HARARE, Zimbabwe — Mention Zimbabwe and the listener will think of chaos and decay. But in October, with jacaranda trees displaying their striking purple blossoms, the nation’s capital, Harare, could easily be described as charming.

White British settlers imported the trees from South America at the end of the 19th century. Whole avenues are awash with masses of mauve blooms.

Their appearance heralds the arrival of summer, which in Zimbabwe arrives on the dot at this time of year. And as the heat increases so does the prospect of rain.

There is nothing more dramatic than a highveld thunderstorm as lightning bolts zigzag down to earth. Within a few weeks the arid countryside is transformed into a sea of green.

The coming of the rains marks the end of the jacaranda’s brief reign. It is soon replaced by flame trees whose flowering branches provide a scarlet-red canopy across the city.

Postcards from the 1960s show a prosperous and well-laid-out town with flowerbeds and tidy streets. Statues of colonial founders stare down from their pedestals, a breed confident in the perpetuity of their rule.

Times have changed. Harare has not escaped the impact of population growth evident everywhere in Africa. Zimbabwe has burgeoned from 5 million to 12 million in a generation.
Every nook and cranny is now occupied as rural folk drift to towns to seek, if not their fortunes, then jobs and subsistence.

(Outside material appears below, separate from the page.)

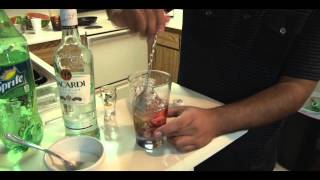 How to Make A Strawberry Mojito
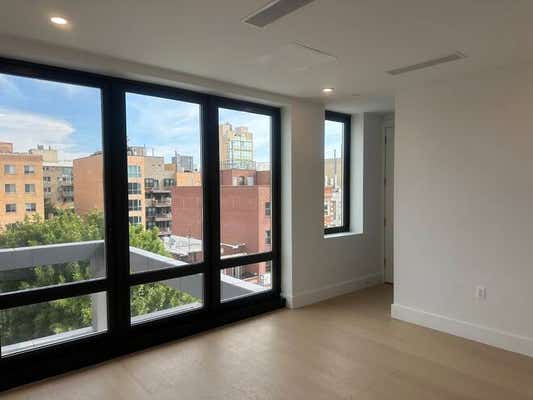 916 58 ST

Vestiges of the old city can be seen here and there. But the remains are sad to behold. Bicycle tracks are overwhelmed by rogue shrubs, some street lights haven’t worked for years and sidewalks contain pot holes that would comfortably consume an unsuspecting pedestrian. Indeed, some have.

But viewed from the perspective of the hill that overlooks the city, it is a pretty and well-ordered town laid out in a grid pattern. The statues have, of course, been relocated. But students of “contemporary” (1950s) architecture may be pleased to know that the main artery through the city center contains some of the finest examples of '50s street lamps surviving in Africa including their “Chinese hats.” And some of them actually work.

Here the great mining, banking and insurance companies had their headquarters in the boom years of the Federation of the Rhodesias and Nyasaland — today Zimbabwe, Zambia and Malawi. All three countries experienced post-colonial economic collapse but none so dramatic as Zimbabwe.

A few banks remain but mostly the businesses have migrated to office parks on the periphery of the city. And with their departure the city has succumbed to crime and grime. Piles of rubbish occupy street corners. And street kids beg at traffic lights.

President Robert Mugabe is universally blamed for the blight of a once-beautiful city.

Irresistible demographics have played a role but change has not been well managed. An energetic, business-minded mayor has the daunting task of putting the city back together again. He’s unlikely to succeed. But some pot holes have been filled.

“One thing he [Mugabe] can’t take from us is the weather,” one old timer chuckles.

It is true that Harare has one of the finest climates in the world. At 5,000 feet it is never too hot or humid and the winter months of May, June, July and August are filled with cloudless blue skies as the rain keeps a discreet distance.

Zimbabwe has a well-developed tourism infrastructure and an impressive range of wildlife. But the resorts are empty with hotels reporting 30 percent occupancy. The customer is king. There is no problem with comfort or security at the country’s main resorts. From its mountains in the east and national parks in the west, to the stunning Victoria Falls and tranquil Lake Kariba, Zimbabwe offers a range of sights for the visitor.

But the tourists won’t be coming back just yet. Like the rest of us they are waiting for the main obstacle to change being removed from the road ahead. Foreigners and Zimbabweans alike hope that it won’t be too long now.